Judah finally is forced to confront the unfairness with which he treated Tamar and exonerates her from wrongdoing.

Having known her once, he never abstained from her again. -- Talmud Sotah 10b

Once the widow is pregnant, the levirate is over. The laws do not specify that the woman should continue to be the wife of the levir. Sleeping with a daughter-in-law becomes an incestuous act, and the story hastens to assure us that Judah never slept with Tamar again. -- Tikva Frymer-Kensky, Reading the Women of the Bible

Tamar seized this one prime moment for action, securing her, our, destiny.
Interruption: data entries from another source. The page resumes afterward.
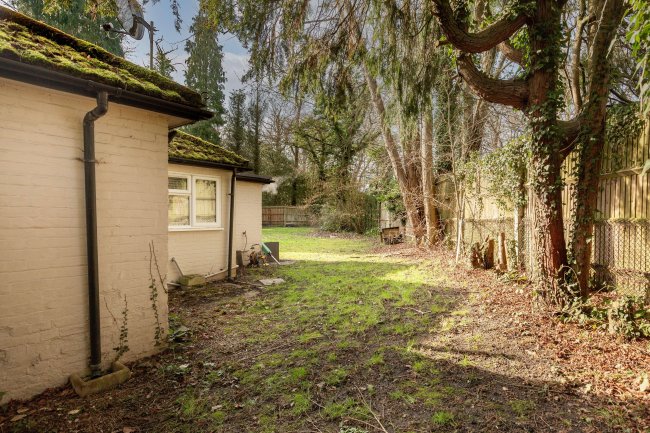 West Lodge, London Road, Bagshot, Surrey, GU19 5HZ 2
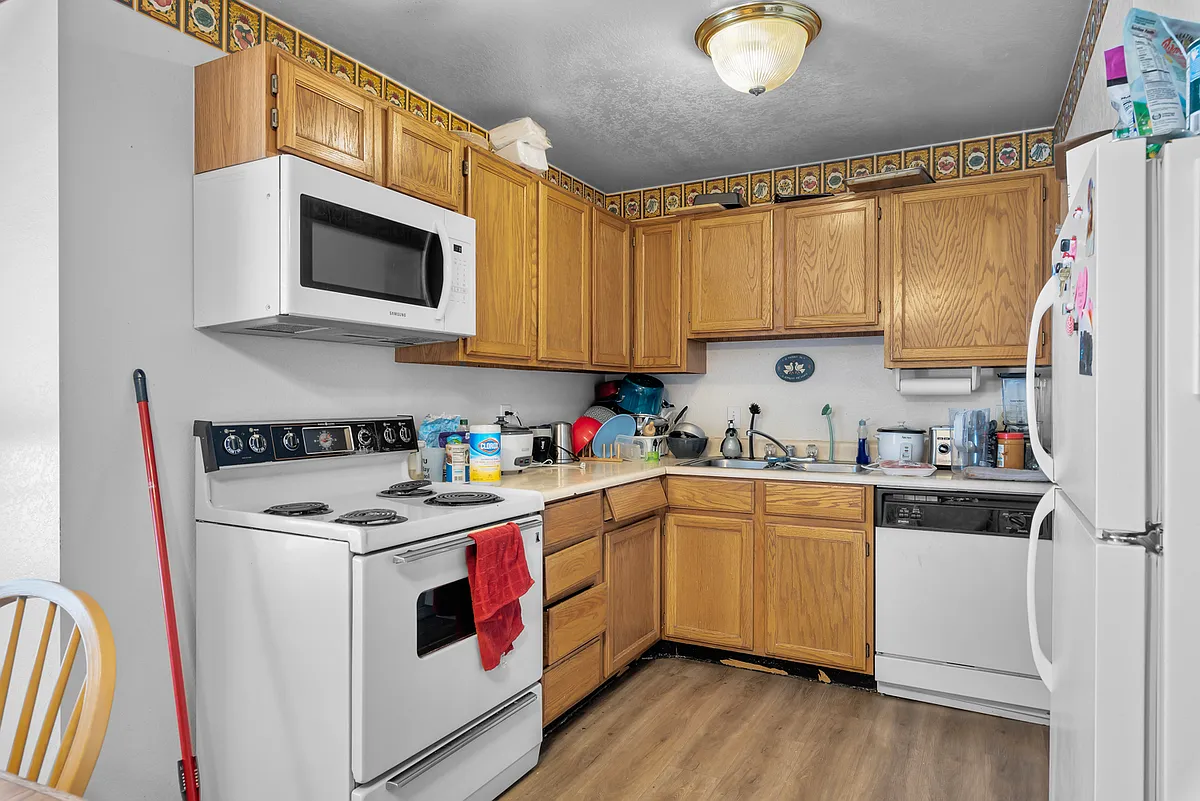 Building Photo - 718 W 1720 N #227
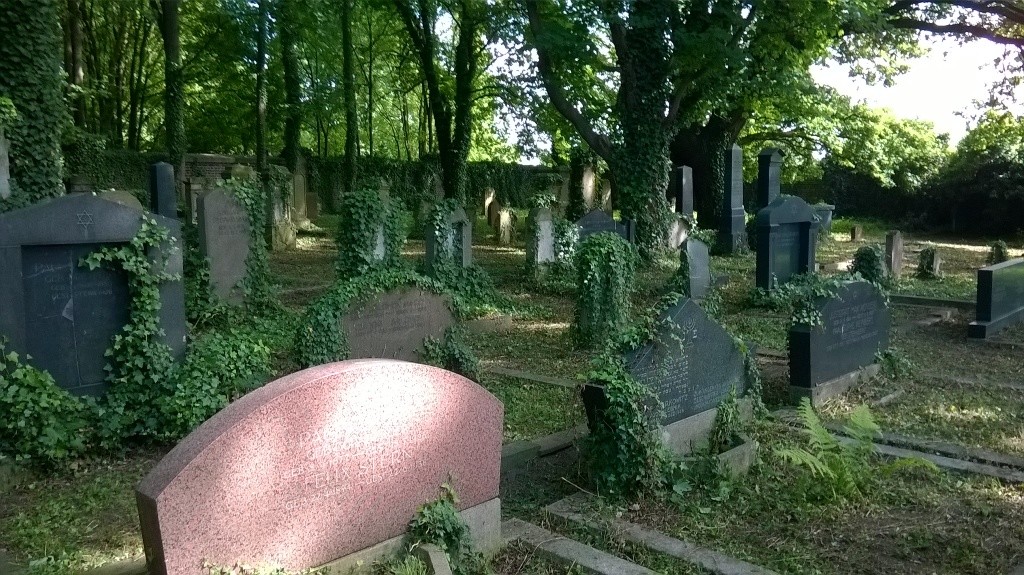 Gräberfeld auf dem jüdischen Friedhof in Köln-Mülheim (2014)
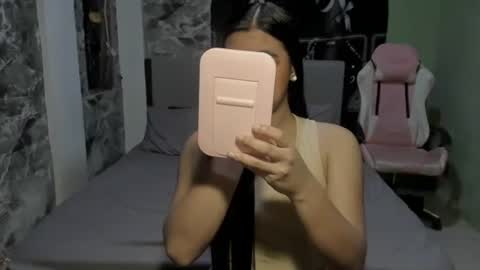 Snapshot of ts_barbie28 chatting on December 2024 10:43:01 AM KC online show from December 2024 10:43:01 AM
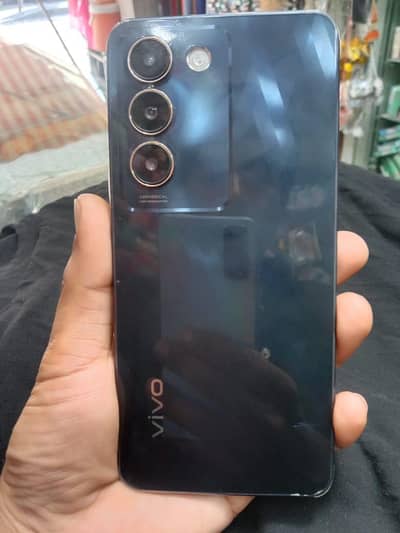 Vivo Y100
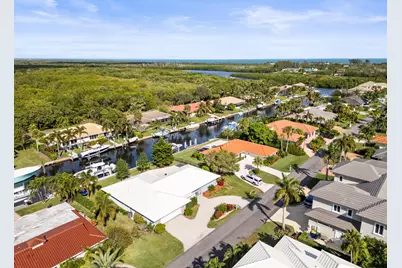 8945 SE Harbor Island Way, Hobe Sound, FL 33455 - Photo 5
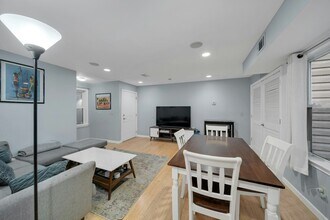 439 2nd St in Jersey City, NJ - Foto de edificio - Building Photo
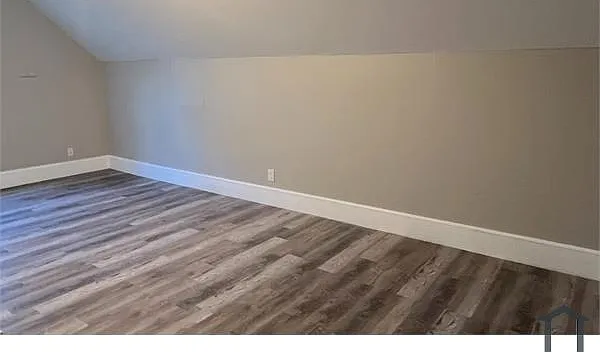 50 Vernon St #3 — Photo 9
In any case, whether she was a common prostitute (zonah), or a sacred priestess (kedeshah), or temporarily pretending, her daring dance with illicit sex is surprisingly seen by our tradition as just, moral, and ethical. She is a woman who resorts to desperate measures, and in doing so, she shows Judah’s lack of commitment, at least to levirate marriage. -- Rabbi Geela-Rayzel Raphael, “Power, Sex, and Deception,” from The Women’s Torah Commentary, Rabbi Elyse Goldstein, ed.

Questions for Discussion:

Contrary to the Torah text, the Talmudic tractate of Sotah claims that Judah continues to be intimate with Tamar after her sons are born. What do you think Judah’s relationship with Tamar is like at this point? Does he treat her with the level of affection due to a wife? Does he truly mean it that she is more righteous than he is, and approach her accordingly? Or, is does he take part in the relationship with awkwardness or even anger?

Contrary to the account in Sotah, Frymer-Kensky goes with the original meaning of the text, that Judah never is intimate with Tamar again. Which commentary is more believable?

Raphael celebrates Tamar’s proactive role in this story. Tamar named alongside numerous like-minded women, including Rebekah, Hannah, Deborah and Esther. How are today’s egalitarian communities a celebration of women like them?